• **PROBLEM TO SOLVE**:
I'd like the entries reproduced exactly, with all pictures omitted.

• **EXCERPTED RECORDS**:
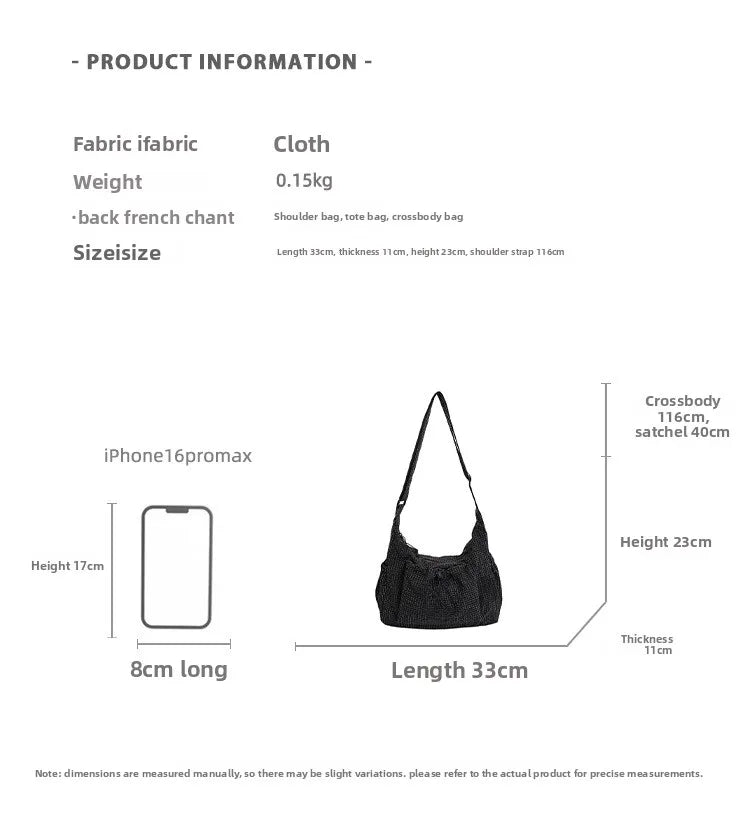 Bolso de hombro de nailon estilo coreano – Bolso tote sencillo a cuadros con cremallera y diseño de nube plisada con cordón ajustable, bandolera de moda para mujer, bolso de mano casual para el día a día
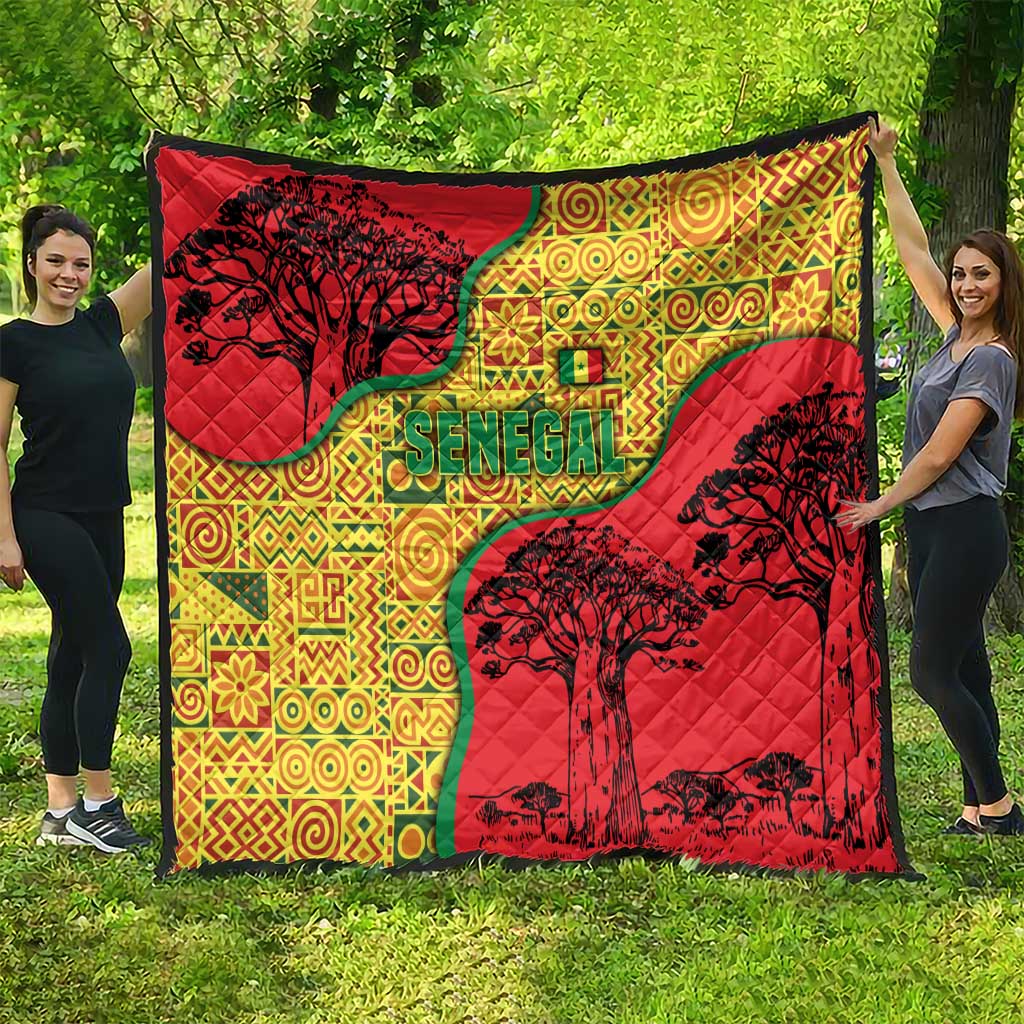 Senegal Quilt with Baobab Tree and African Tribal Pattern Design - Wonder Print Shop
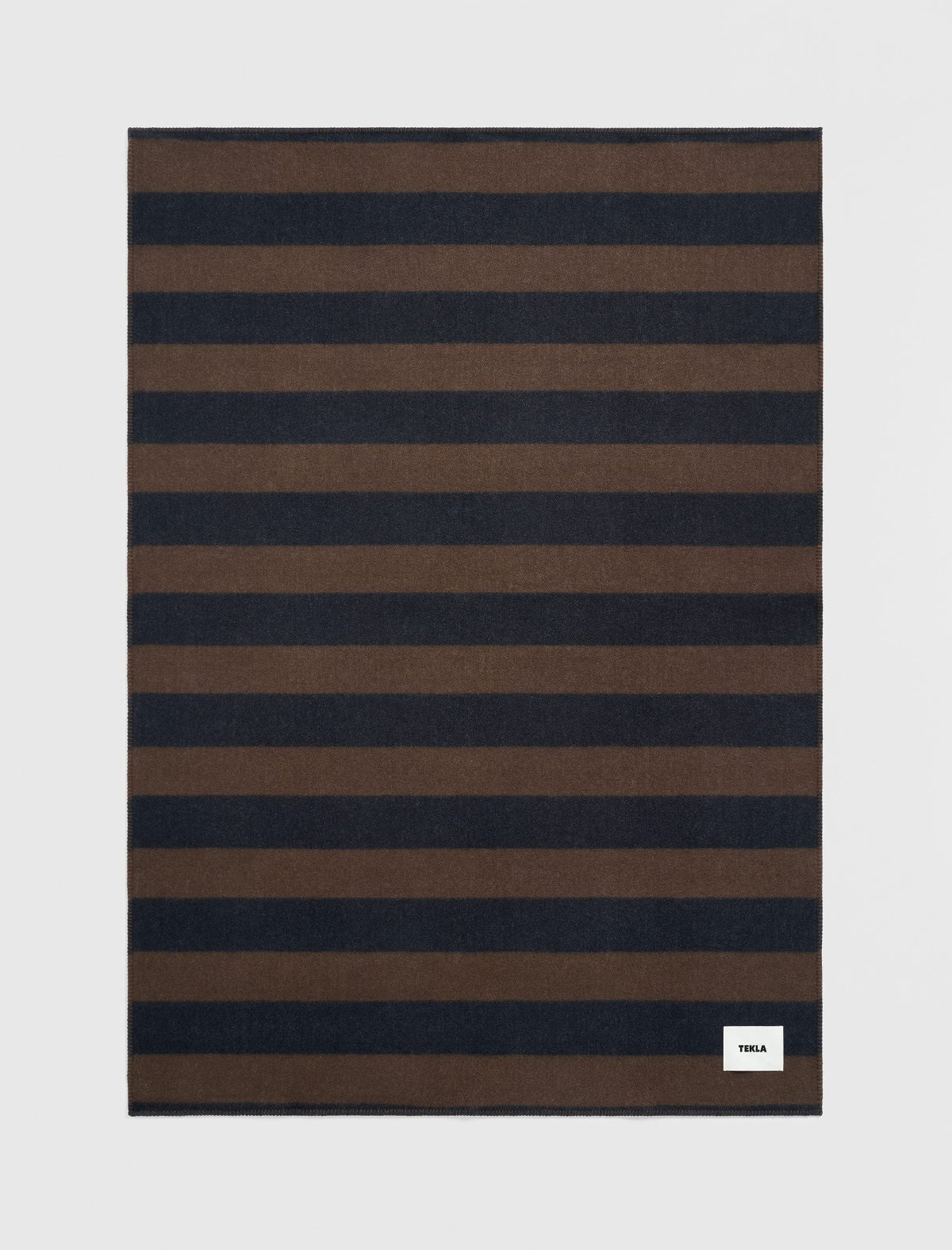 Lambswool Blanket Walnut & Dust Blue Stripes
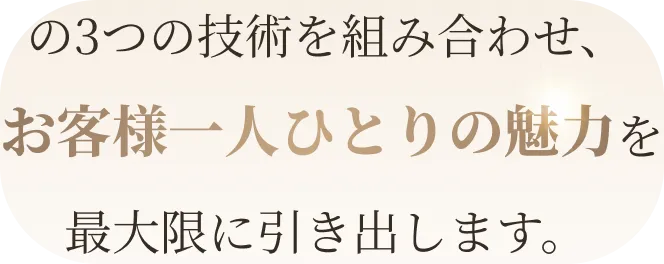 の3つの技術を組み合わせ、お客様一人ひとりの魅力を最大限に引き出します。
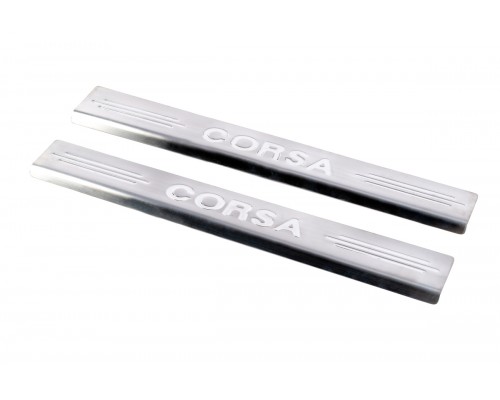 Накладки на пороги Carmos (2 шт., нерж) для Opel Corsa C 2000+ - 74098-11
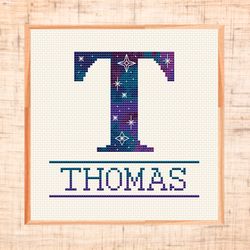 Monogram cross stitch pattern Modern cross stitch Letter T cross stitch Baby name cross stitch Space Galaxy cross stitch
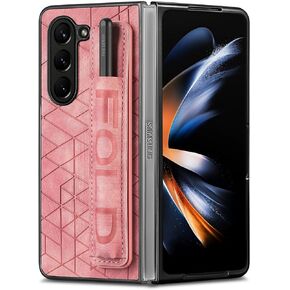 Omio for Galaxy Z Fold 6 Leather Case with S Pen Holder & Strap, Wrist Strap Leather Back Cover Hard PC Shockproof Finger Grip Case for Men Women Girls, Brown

• **REPLY**:
 Bolso de hombro de nailon estilo coreano – Bolso tote sencillo a cuadros con cremallera y diseño de nube plisada con cordón ajustable, bandolera de moda para mujer, bolso de mano casual para el día a día
 Senegal Quilt with Baobab Tree and African Tribal Pattern Design - Wonder Print Shop
 Lambswool Blanket Walnut & Dust Blue Stripes
 の3つの技術を組み合わせ、お客様一人ひとりの魅力を最大限に引き出します。
 Накладки на пороги Carmos (2 шт., нерж) для Opel Corsa C 2000+ - 74098-11
 Monogram cross stitch pattern Modern cross stitch Letter T cross stitch Baby name cross stitch Space Galaxy cross stitch
 Omio for Galaxy Z Fold 6 Leather Case with S Pen Holder & Strap, Wrist Strap Leather Back Cover Hard PC Shockproof Finger Grip Case for Men Women Girls, Brown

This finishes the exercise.